C’est bien. Mais il va falloir trouver les gens pour aller y travailler. Cela veut dire que la condition de vie paysanne doit s’ajuster aux standards de vie communs. Au « P’tit Galo », il y a des week-ends et des vacances annuelles pour chacun. Nul n’est condamné à passer sa vie au cul des vaches. Ce n’est pas anecdotique. Il ne suffit pas de dire « nous voulons une agriculture bio » sans se soucier de savoir qui va la faire et dans quelles conditions. Notre nouveau modèle paysan doit répondre à la question sociale de la condition de vie des travailleurs de la terre. Ce que j’ai vu au « P’tit Gallo » prouve que c’est possible. Nous n’avons pas à inventer un modèle comme disent les bavards qui pullulent dans les réunions de la « gôche tellement déçuuuue » mais qui ne s’est intéressée à rien de ce qui murissait au cœur même de notre temps. Ce modèle, d’autres l’ont fait naitre déjà. Le travail consiste à l’étendre et à l’adapter d’une région à l’autre d’une ferme (« exploitation agricole ») à l’autre. Pour cela il faut savoir, vouloir, planifier !

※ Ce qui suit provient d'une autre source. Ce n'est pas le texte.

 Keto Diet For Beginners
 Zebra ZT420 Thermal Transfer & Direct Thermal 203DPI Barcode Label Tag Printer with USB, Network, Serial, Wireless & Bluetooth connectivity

Bien sûr, reste la question du surcoût de production. En soi ce n’est pas un problème. Mais la conséquence ce serait une augmentation du prix de l’alimentation qui romprait avec une baisse continue qui a fortement aidé à maintenir le pouvoir d’achat des salariés urbains et même à l’augmenter dans certaines périodes. On sait à quel prix mais quand même ! En tous cas, les coûts de production bio ont déjà beaucoup baissé du fait des économies d’échelle rendues possibles par le développement de la production et de la consommation de produits bios. Il baisserait encore nettement si les milliards d’euros engloutis dans les subventions au modèle actuel en faillite étaient réorientés et si une politique volontariste de développement était mise en place. Mais il ne faut pas biaiser, le développement d’une agriculture bio implique des prix rémunérateurs pour payer ses emplois.

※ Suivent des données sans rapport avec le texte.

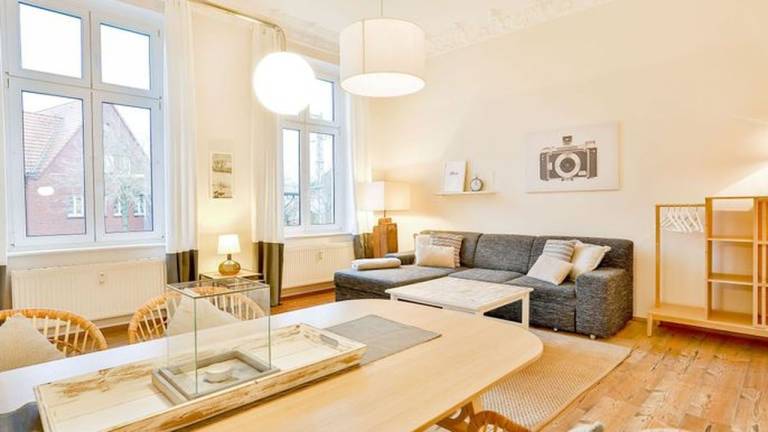 Ferienwohnung Stralsund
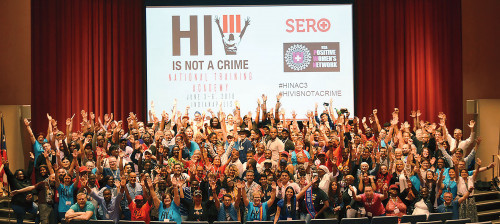 Attendees of the HINAC3 conference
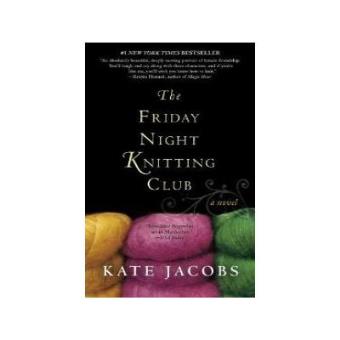 Friday night knitting club - 1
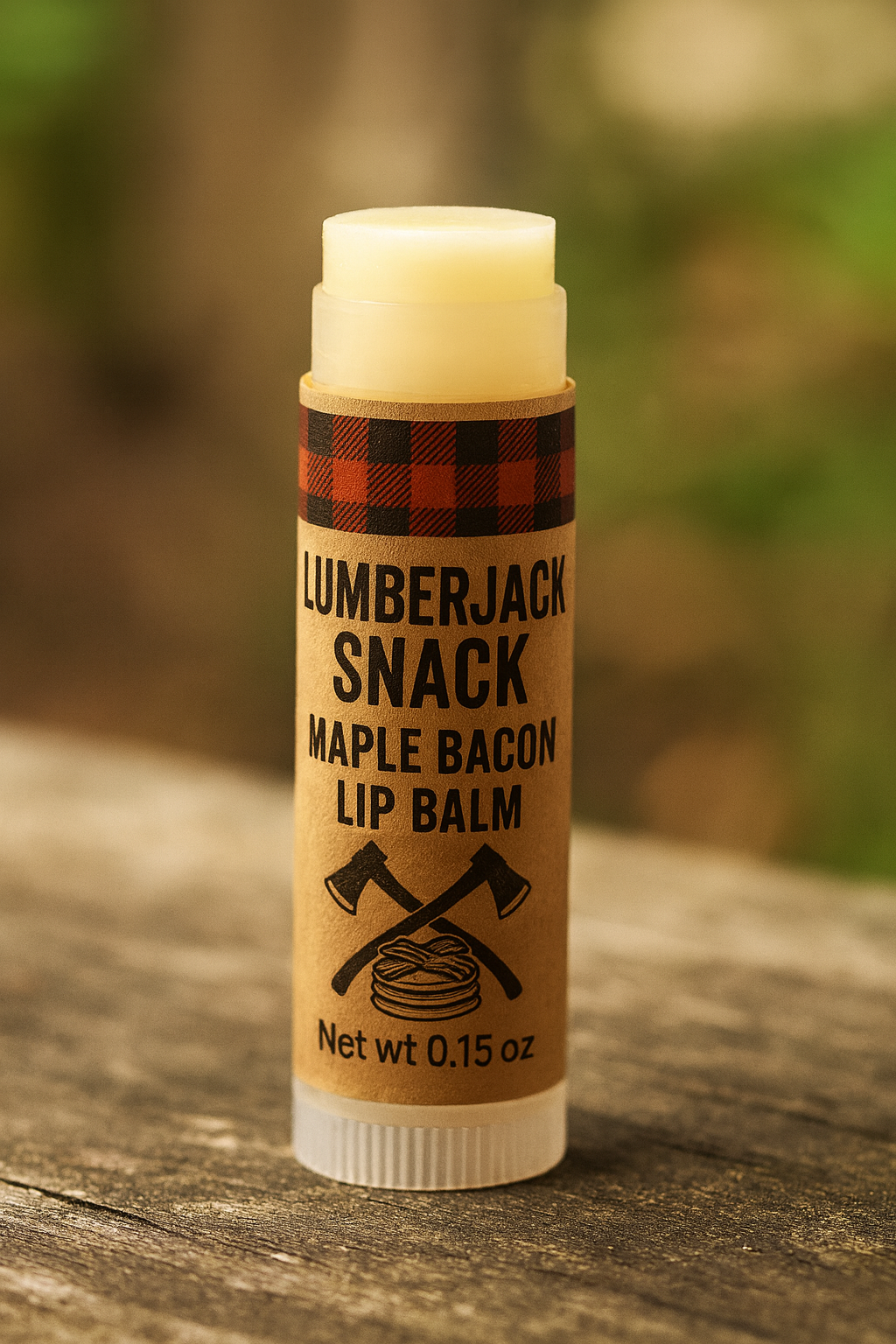 LumberJack Snack Lip Balm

A ce propos, il faut noter une démocratisation certaine de la consommation de bio. Selon un sondage commandé par le ministère de l’agriculture, en 2015, 89% des consommateurs ont consommé au moins une fois du bio au cours de l’année. C’était seulement 54% en 2003. 65% des consommateurs disent même avoir consommé des produits bios régulièrement. C’est un chiffre très important : même si cela ne représente pour certains qu’une faible partie de leur consommation, cela témoigne d’une habitude réelle. Et 58% des consommateurs de produits bios le font notamment pour préserver de l’environnement. La question de la démocratisation du bio n’est donc plus d’abord une question de communication ou de conviction. L’enjeu numéro un est désormais clairement la question des moyens financiers des acheteurs, et de partage du prix entre producteurs et distributeurs. C’est-à-dire une question sociale.